## What is expected
Beginning at the line that contains "BOATZON | Cutwater C302 Coupe 2019" and finishing at the line that contains "COPY - Betsey Johnson Bridgette multicolor", output the data below exactly. Include both end lines and no pictures.

## Records for the task
____________________
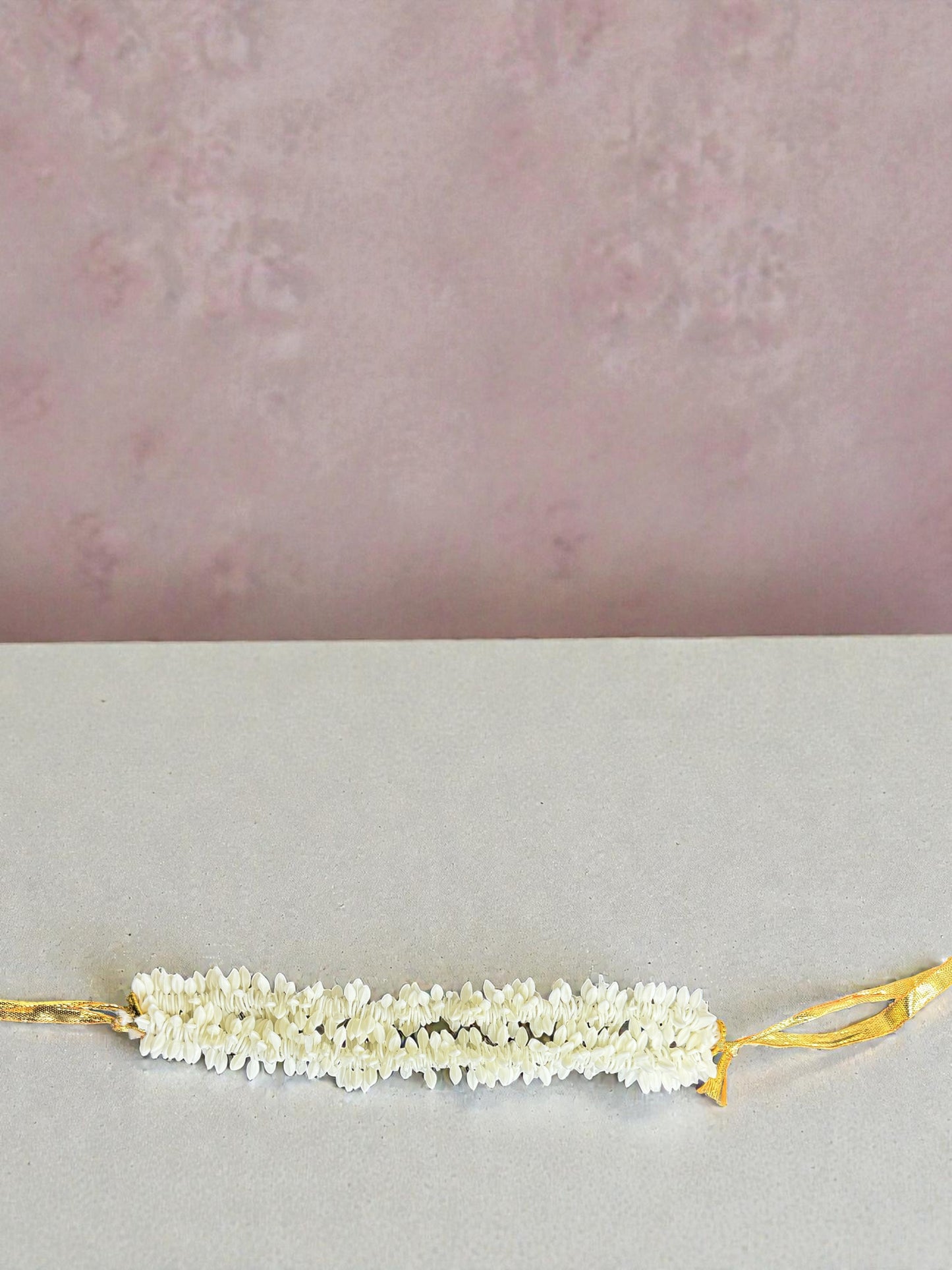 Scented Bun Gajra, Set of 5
____________________
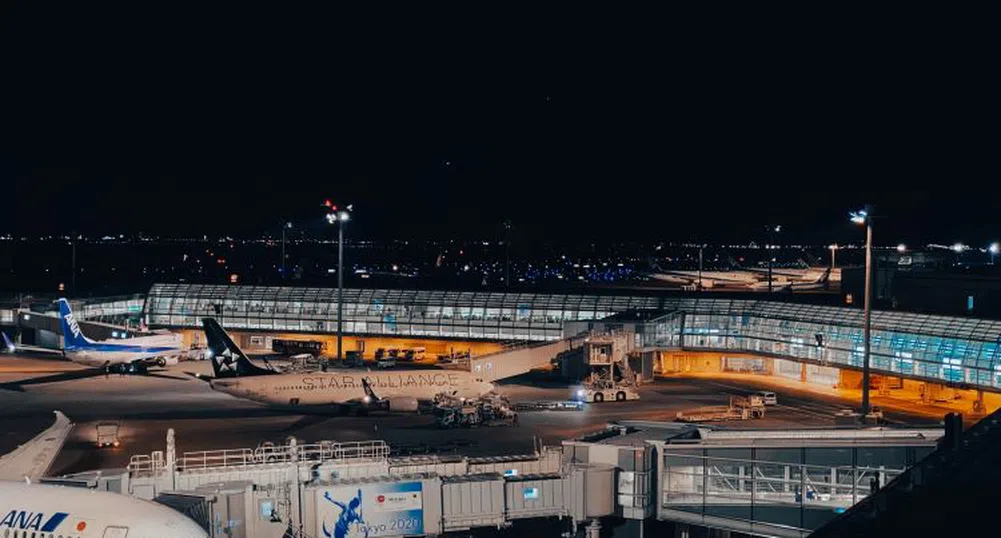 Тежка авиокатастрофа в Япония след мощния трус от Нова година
____________________
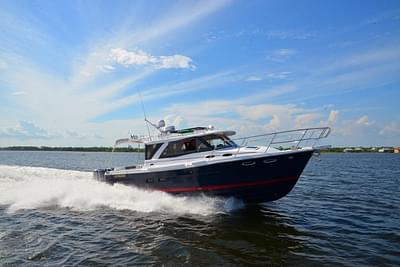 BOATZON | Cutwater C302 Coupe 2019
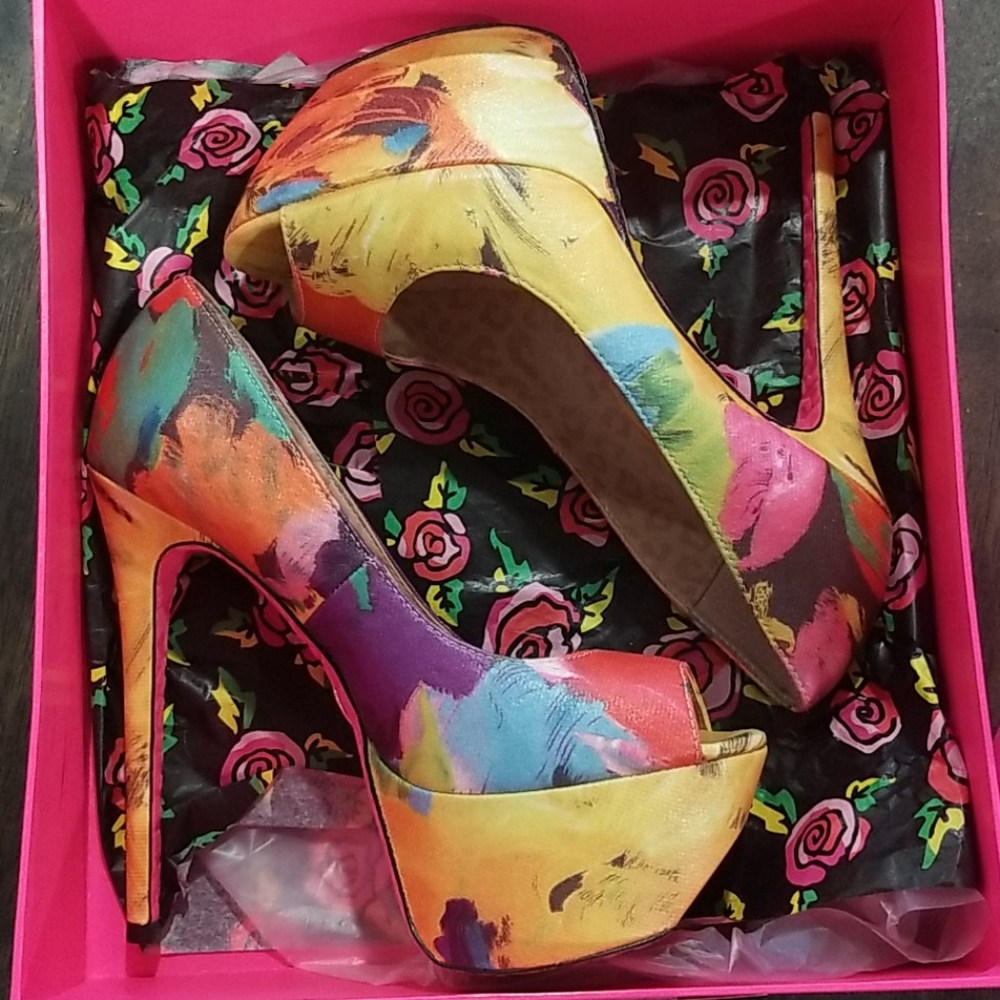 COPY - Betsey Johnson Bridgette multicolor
____________________
## The completed task
 BOATZON | Cutwater C302 Coupe 2019
 COPY - Betsey Johnson Bridgette multicolor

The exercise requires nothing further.